In September the great European Central Banking maestro startled the market with a pledge to expand the ECB’s balance sheet to levels last seen during the EU sovereign debt crisis. It seemed that maybe, just maybe, the Europeans finally “got it.” Up until that point their refusal to stop the constant shrinking of their balance sheet had resulted in the European economy importing everyone else’s deflation. But Draghi’s surprise cut into even more negative-r interest rates, combined with his promise to expand the ECB’s balance sheet, convinced the markets that this time he meant business. Hedge fund guru David Tepper summed it up best.
“Draghi wants inflation in the Euro zone. He will not stop,” said Tepper
Most hedge funds were quite optimistic about Draghi’s ability to fulfill his promises:
“Here are my best trades, ordered from easiest to hardest,” said one of the top ranked macro CIOs, exchanging ideas. Draghi’s fairy dust had finally settled; he’d been pleasantly surprised, and killed it. “Buy European curve steepeners now, buy European risk assets, buy 5yr/5yr Spain versus short 20yr Germany,” he explained. “Maybe these trades last a few weeks, maybe longer, doesn’t matter – get this right, add some smart convexity, and you could make your year by the end of October.”
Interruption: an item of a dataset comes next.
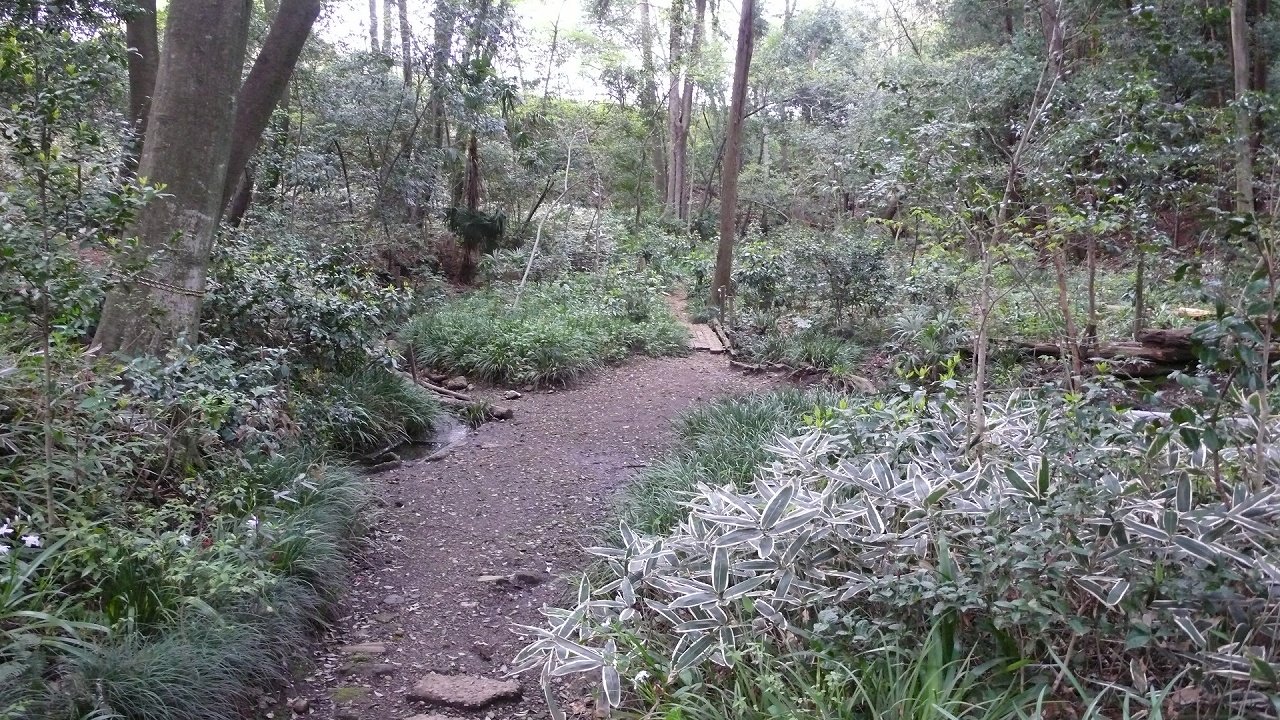 s-P1620800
In a mad scramble to put on risk, hedge funds poured into trades that would benefit from the new European growth strategy. And in case you don’t think that his comments and actions had an effect on the market, have a look at the trading of the Eurostoxx 50 index over the last few months.
It is no coincidence that stocks spiked higher on the day he surprised the market and then also topped on the day that they poured roughly €100 billion into the system with the first round of the TLTRO.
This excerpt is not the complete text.